# Fostering Pets for the Military



## BoxerMommie (Jun 26, 2008)

I'm not sure how many would be interested/able, but I heard about this on CNN and thought it was a GREAT program. You can foster a pet (dogs, cats, birds, horses, etc) for a military member who is being deployed or has an emergency hardship with nowhere to send their pet. Anyway, here's the link it's called Guardian Angels for Soldiers Pets.

Foster a Pet


----------



## domari (Jun 17, 2008)

There are several military foster programs out there and I think it's a great idea, especially for anyone who lives near a base. 
Too many animals are dropped off at shelters because when the military members are deployed so this is a better option for them than to give up the pet forever.


----------



## BoxerMommie (Jun 26, 2008)

domari said:


> There are several military foster programs out there and I think it's a great idea, especially for anyone who lives near a base.
> Too many animals are dropped off at shelters because when the military members are deployed so this is a better option for them than to give up the pet forever.


Even if you don't.
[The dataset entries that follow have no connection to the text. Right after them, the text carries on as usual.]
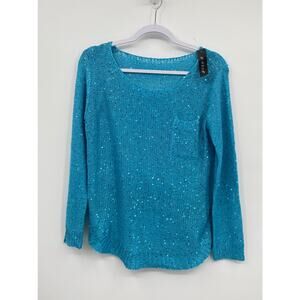 C-Mode Scoop Neck Pullover MSequin Knit Sweater Blue Size Small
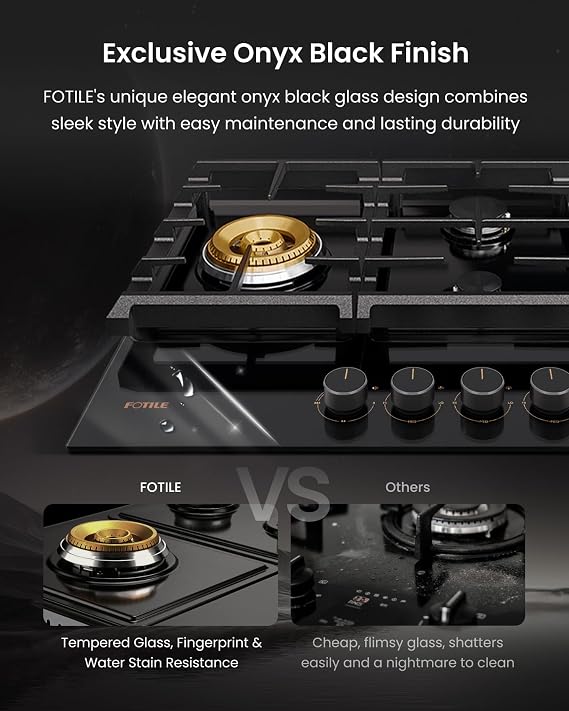 FOTILE GLG36501 36 Black Tempered Glass 5-Burner Gas Cooktop, Tri-Ring 18,000 BTUs Left Burner with Flame Failure Protection Removable Grates and Installation/LP Kit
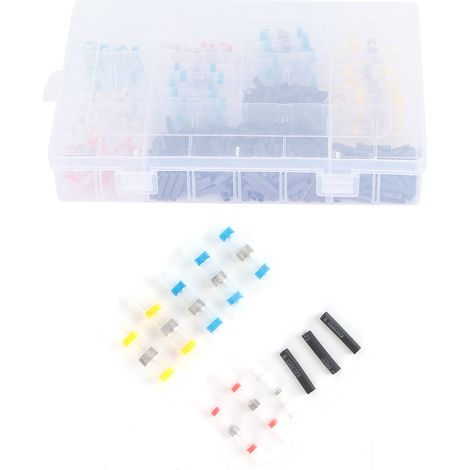 Connecteurs à souder thermorétractables 500 pièces, bagues de soudure : jaune 20, bleu 50, rouge 50, blanc 40 + 340, gaines noires 3x20 mm, livrées avec film bulle. (1/5)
I know this one will send dogs out of state so you can foster in any state, but almost every state has at least 1 military base of some sort. Would much rather have to send my dog 20 hours away from my duty station (or even to another state that's the closest to my station) than give him/her up forever.

I filled out the application tonight so we'll see what happens.


----------



## PeanutsMommy (Dec 7, 2008)

I think more people need to know that programs like this exist for military members and their pets. I know alot of shelters wont adopt pets to military because they think the pets will just end up in another shelter but there is an option and they get their pet back when they get home. If ever my husband and I have to go somewhere that Peanut is not allowed for whatever reason I know that my family would watch him for us and take care of him but not all military families have someone willing to watch their pet.


----------



## ChattyCathy (Nov 22, 2008)

I NEVER thought about this. What a great idea! I will check this out! Thanks.


----------



## EnglishBullTerriers (Sep 10, 2008)

I will also have to check this out. My whole family has some sort of military back-ground, my dad was in the Navy and my grandfather and uncles were in the Marines and Army. I would LOVE to do something for them in return for what they do for us! Even if it is the smallest gesture, every little bit counts! Thanks for the info!


----------



## TippysMom (Oct 3, 2008)

I've never heard of this either - what a great thing to do to help our military! My husband and I met in the military and most of our families were in the military too - we just never had pets until one of us was out (how sad is that?!)

I'll look into that - Luke AFB is only about an hour from here.....


----------